木村氏:そうですね。確かにこの1年間はコラボをかなりやらせていただきました。基本的には、ユーザーの方に刺さるようなコンテンツやIPが中心なんですが、長く遊んでいただいているシリーズファンの方も多くて、ちょっと懐かしいIPみたいなところともコラボさせていただいています。

この1年だと「BLACK LAGOON」とのコラボも結構喜んでいただけているみたいで、そのあたりは12年続いている「PSO2」シリーズだからこその傾向なのかと。「るろうに剣心」とのコラボも、原作から好きだったという声をよくいただきました。

一方で「【推しの子】」のようなTVアニメ放送が始まったばかりとのコラボは、過去にもあまり実現できていなかったところだったので、そこができたのも良かった一年だったのかなと思っています。

――「PSO2」でもコラボはいろいろ実施されていたと思いますが、今年は特に多いように感じましたが、そう意図した部分があったのでしょうか。

木村氏:そうですね。

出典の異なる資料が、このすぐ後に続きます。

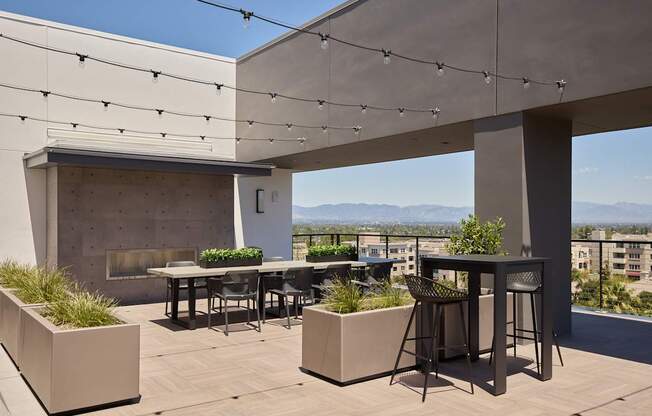 A patio with a table and chairs overlooking a cityscape.
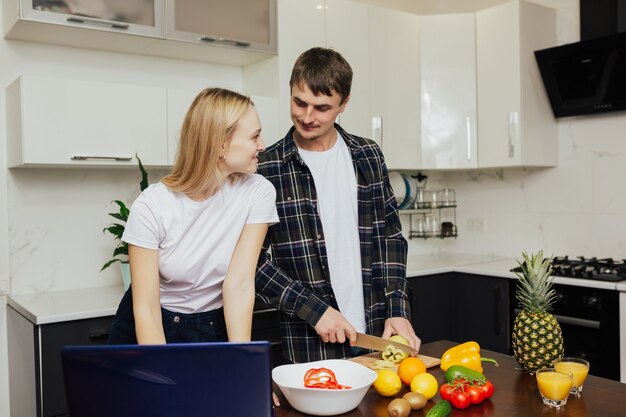 Feliz pareja preparando una cena saludable juntos en la cocina de su casa.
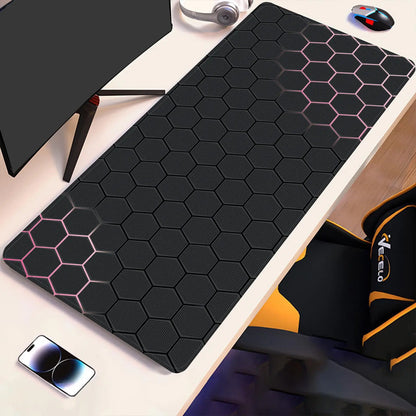 Black hex-pattern desk pad with pink accent hex lines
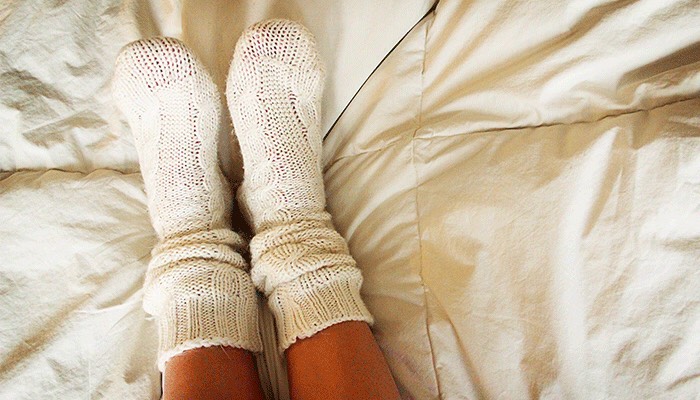 Give yourself a healing foot treatment while you sleep. Apply peppermint moisturizer or Vaseline to your tired and cracked feet, and then throw on some comfy, cushioned socks. And head to bed. That’s it. Wake up with soft, smooth feet.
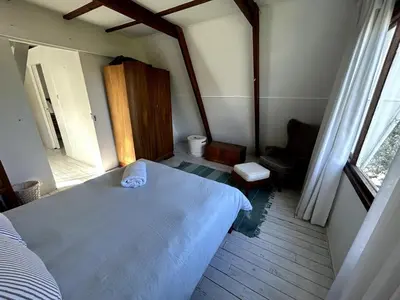 a bedroom with a white bed and a window at Protea Escape - sea, sand and sun on your doorstep in Hermanus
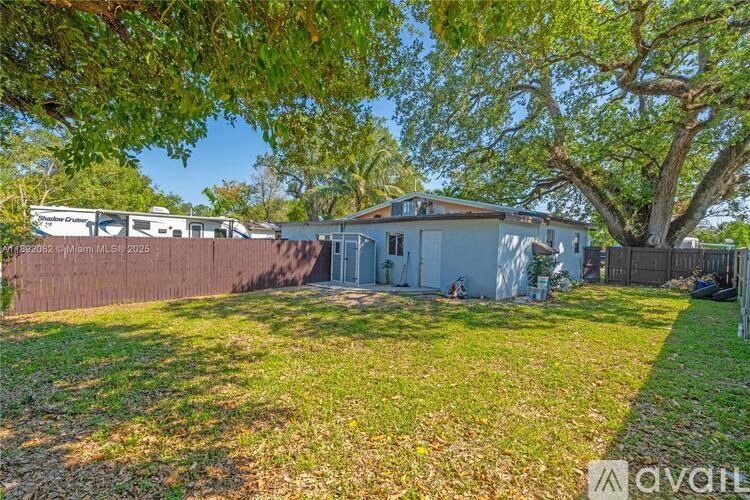 A house is for sale in a sunny, green backyard.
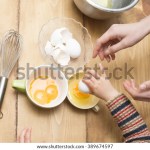mother-child-break-eggs-600w-389674597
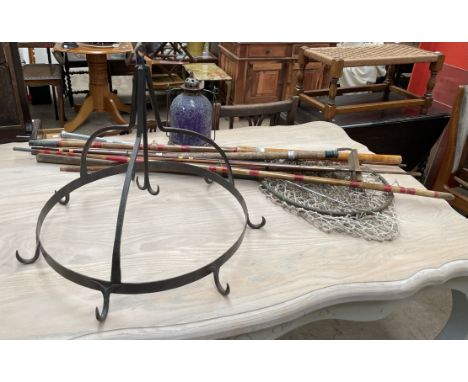 A wrought iron hanging hooks of circular form together with a lantern and fishing rod parts and nets 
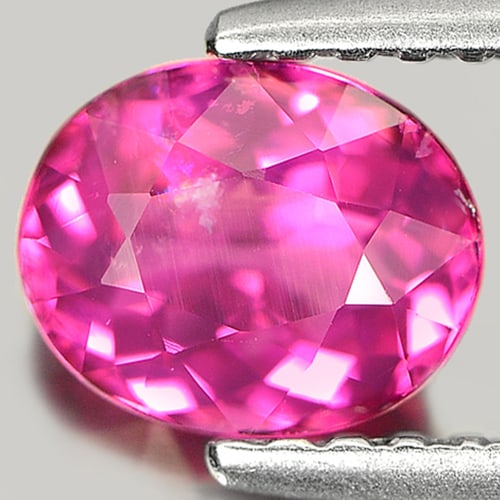 Natural Pink Tourmaline 0.86 Ct. Oval Shape 6.6 x 5.4 Mm. Gemstone from Nigeria: Product ID: 807226424 Product Name: Natural Tourmaline Weight: 0.86 CT. Size: 6.6 x 5.4 x 3.5 MM. Shape: Oval Color: Pink Clarity:VSI Luster: Good Gems Origin: Nigeria Treatment: Unheated Crystal Stru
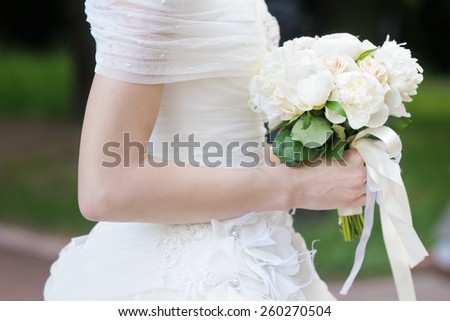 Bride holding wedding flowers bouquet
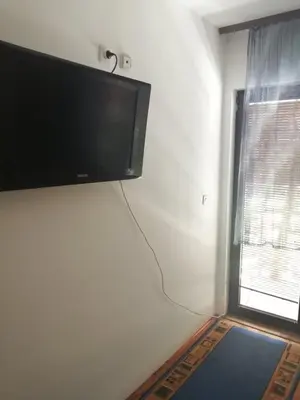 a flat screen tv hanging on a wall next to a window at Apartmani Dr. Gaša in Soko Banja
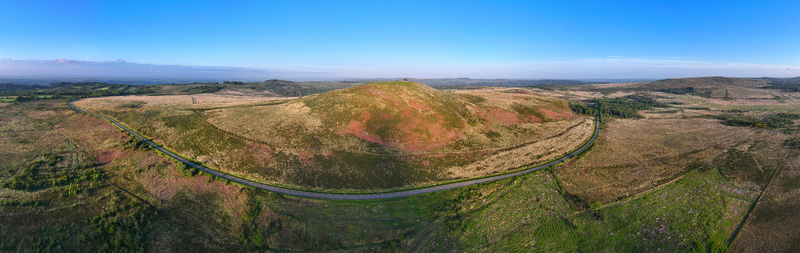 Aerial view of Chapelle Saint Michel de Brasparts on a grassy hill surrounded by moorland and a winding road under a clear blue sky Saint Rivoal Bretagne France. Aerial view of Chapelle Saint Michel de Brasparts on a grassy hill surrounded by moorland and a winding road under a clear blue sky Saint Rivoal Bretagne France.
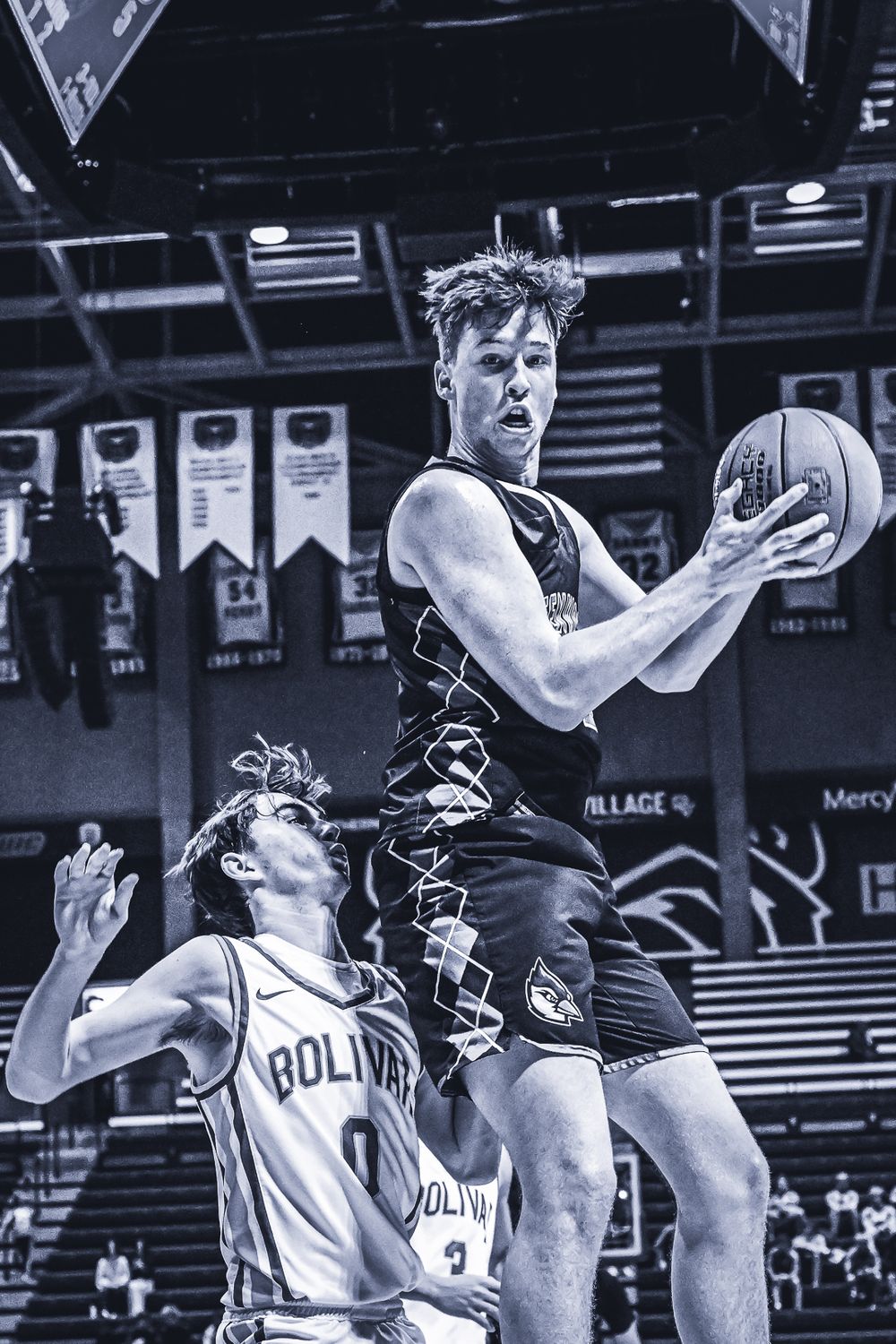 Basketball player leaps for shot while defender attempts block in indoor arena.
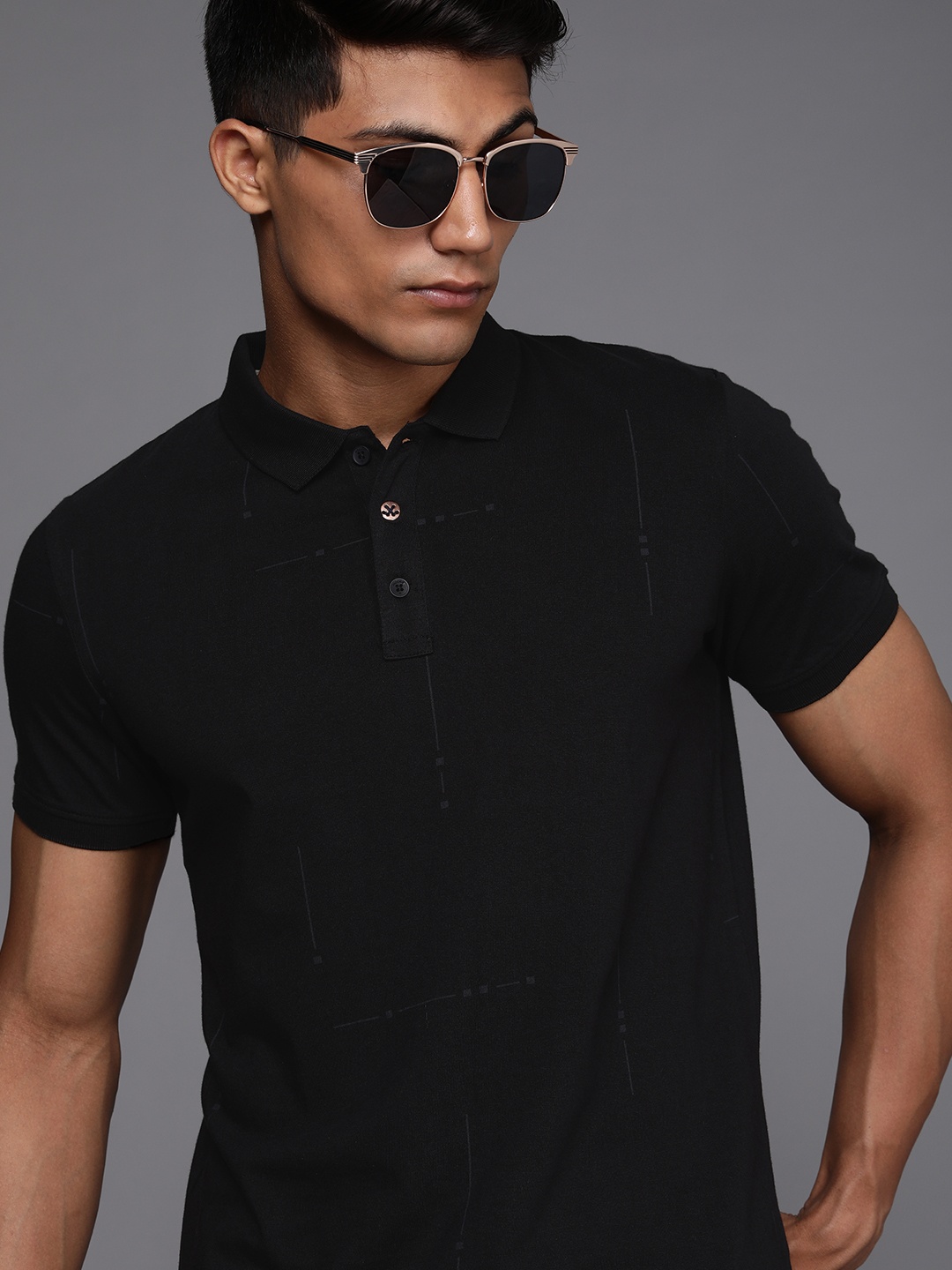 

WROGN Men Black Graphic Printed Polo Collar Slim Fit Pure Cotton Casual T-shirt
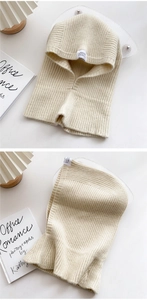 Detailed knit texture and label of a beige balaclava hood scarf with vertical ribbing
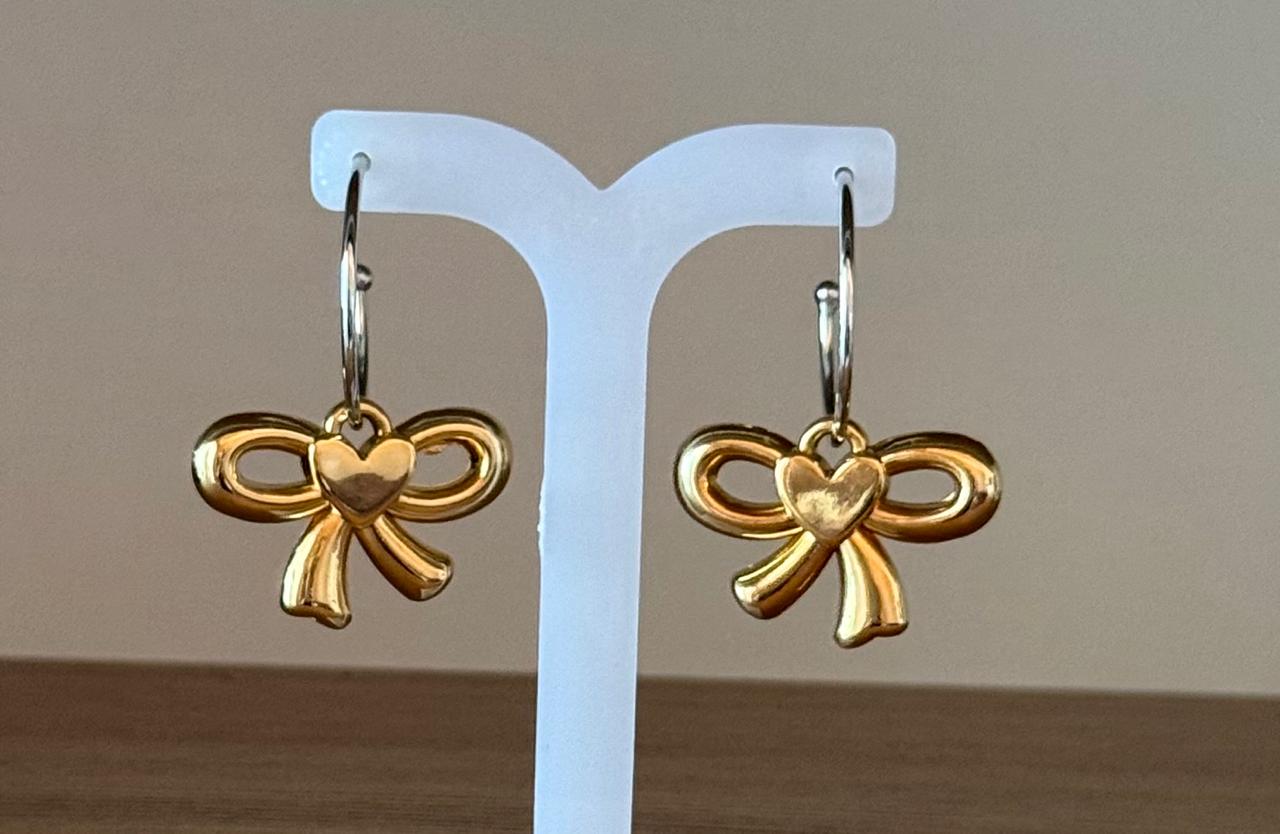 Brinco dois banhos, argola fina média no ródio branco com um laço pendurado no banho de ouro.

コラボ自体は「PSO2」の頃も結構やらせていただいたのですが、「NGS」については、最初はコラボよりもまずベースとなる「NGS」としての世界観に沿ったものを優先してコンテンツを配信していくという方針を決めていました。

それがある程度固まってきた、サービス開始から1年半くらいのタイミングからコラボを解禁して、そこから徐々に回数を増やしていったような形で、去年の2周年の後くらいからは、ほぼ毎月1回のペースでやらせていただいています。ある程度「NGS」らしい衣装が揃ってきたので、あとはコラボでよりバリエーションを出していくため、「ver.2」からは意図してコラボの回数を増やしています。

――余裕ができた……という言い方は正しくないのかもしれませんが、それだけゲームとしての基盤が固まってきたということですよね。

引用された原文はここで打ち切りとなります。